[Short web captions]
━━━━━━━━━━━━━━━━

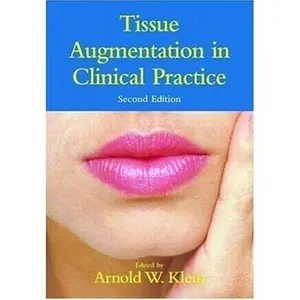 USED Book - Tissue Augmentation in Clinical Practice (Basic and Clinical Dermatology) (Hardcover) - english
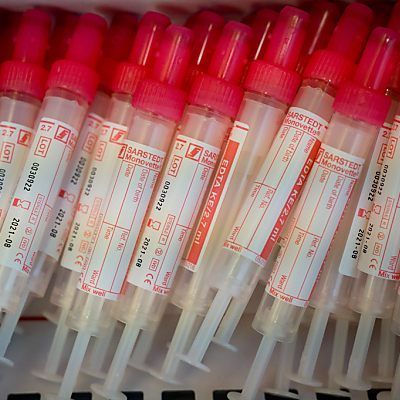 Die ersten Testtage sind fixiert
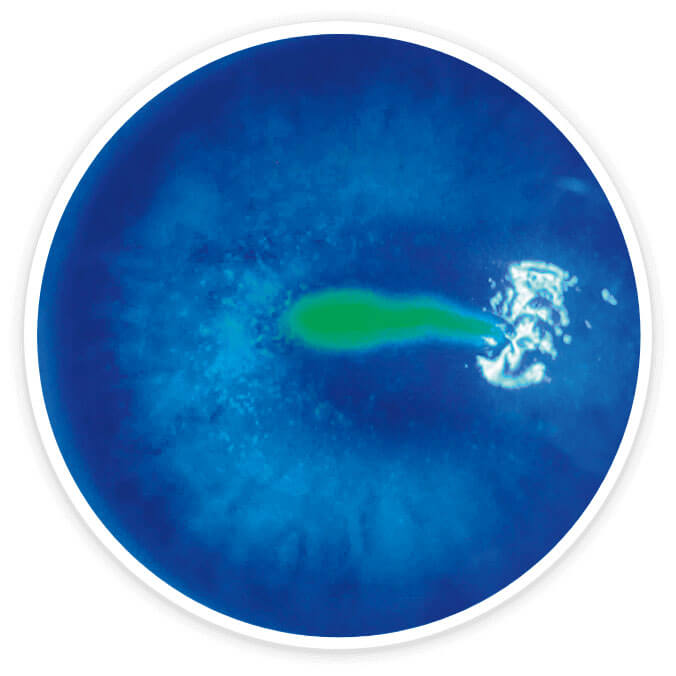Fluorescein-stained cornea at baseline from a patient with Stage 2 neurotrophic keratitis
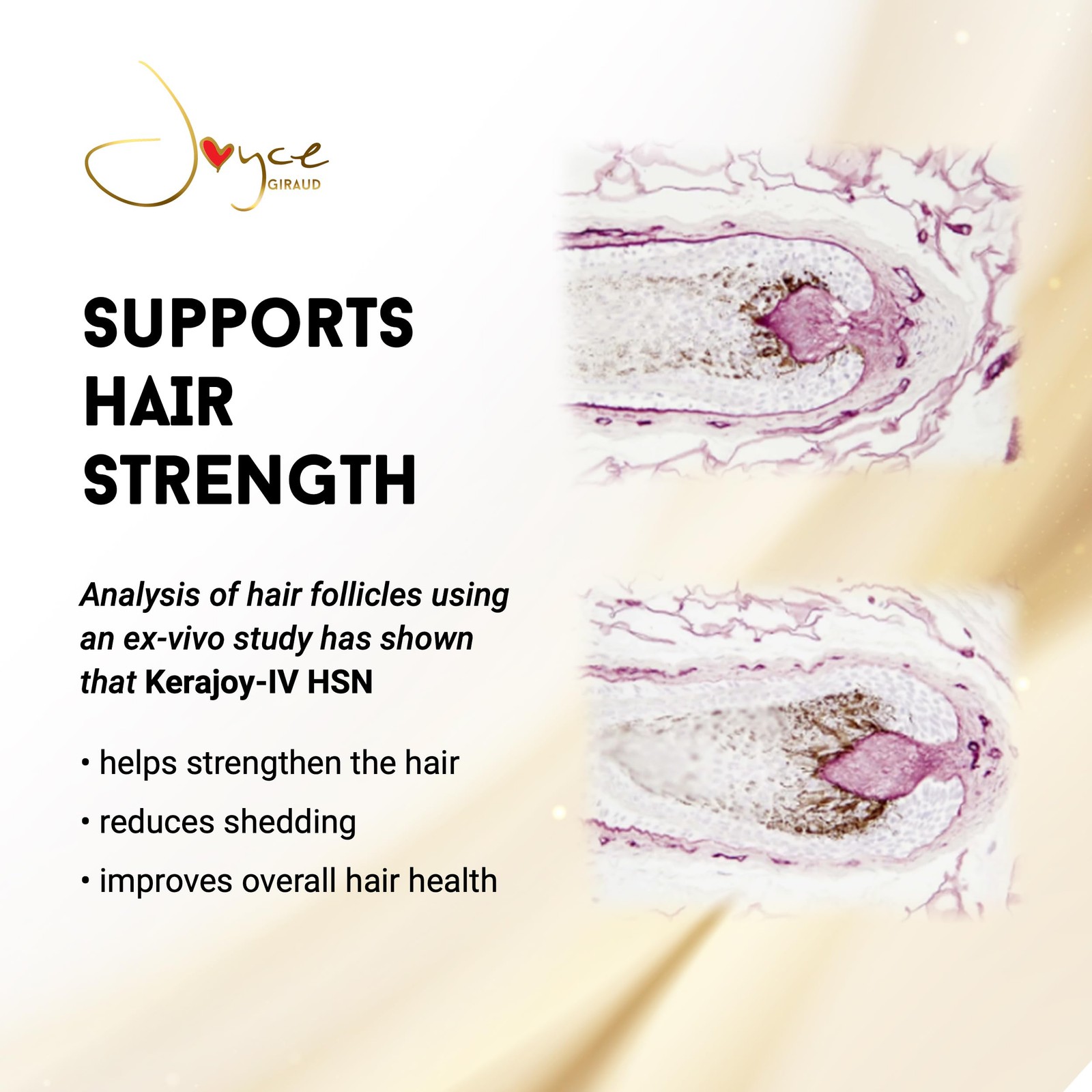 Joyce Giraud Ultimate Hair Strength Supplements 30-Day Supply, Scientifically…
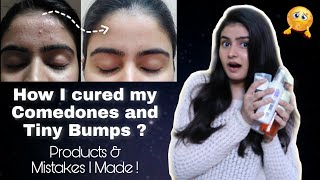 How to treat Tiny Bumps Comedones amp Skin Texture  Kashika Chauhan [upl. by Hedelman]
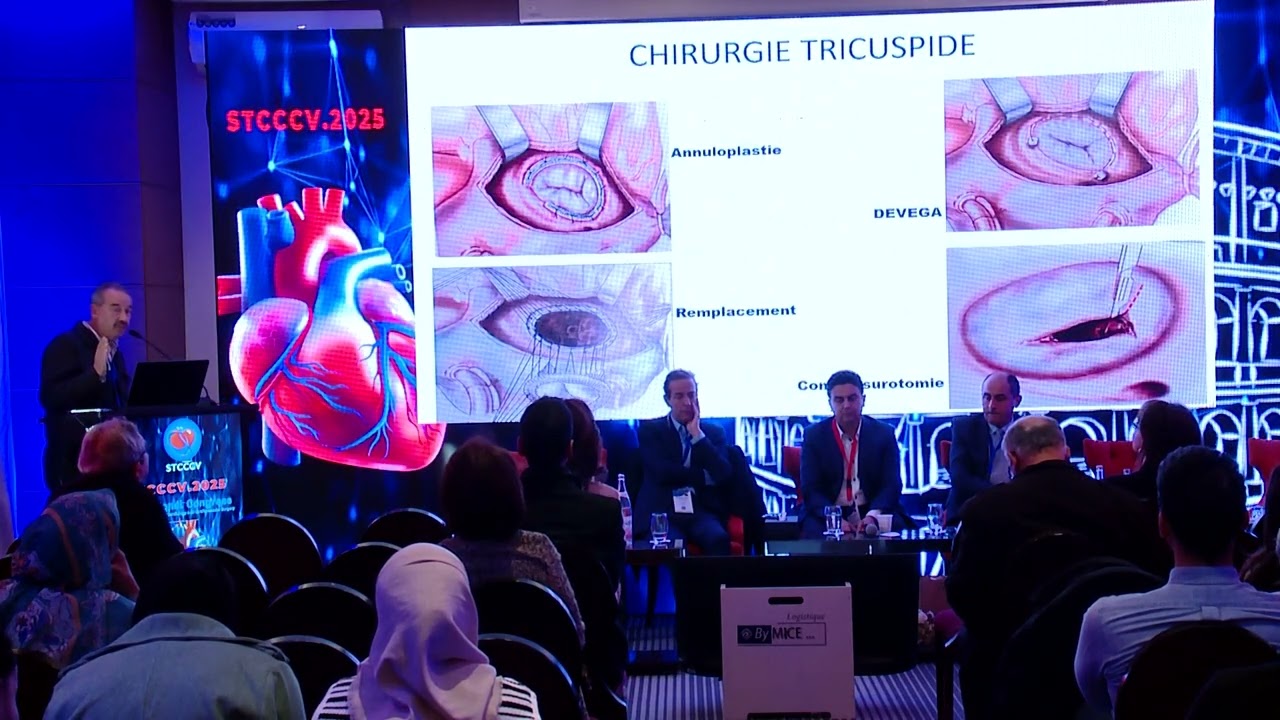 STCCCV-2025-Surgical outcomes in multivalvular patients : the tunisian experience-R  Denguir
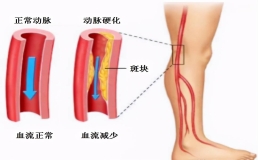 什么是下肢动脉硬化闭塞症？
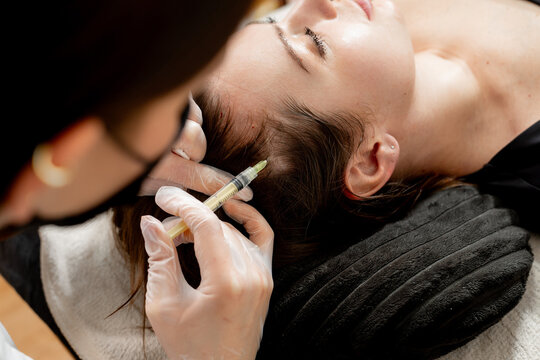 A lady receiving hair mesotherapy injections from a professional trichologist. Hair treatment in cosmetology with the help of injections for hair growth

━━━━━━━━━━━━━━━━

All that should appear in the answer is the lines above from the line with "Joyce Giraud Ultimate" through the line with "什么是下肢动脉硬化闭塞症？", retyped exactly, pictures left out.

Solution for this exercise:
 Joyce Giraud Ultimate Hair Strength Supplements 30-Day Supply, Scientifically…
 How to treat Tiny Bumps Comedones amp Skin Texture  Kashika Chauhan [upl. by Hedelman]
 STCCCV-2025-Surgical outcomes in multivalvular patients : the tunisian experience-R  Denguir
 什么是下肢动脉硬化闭塞症？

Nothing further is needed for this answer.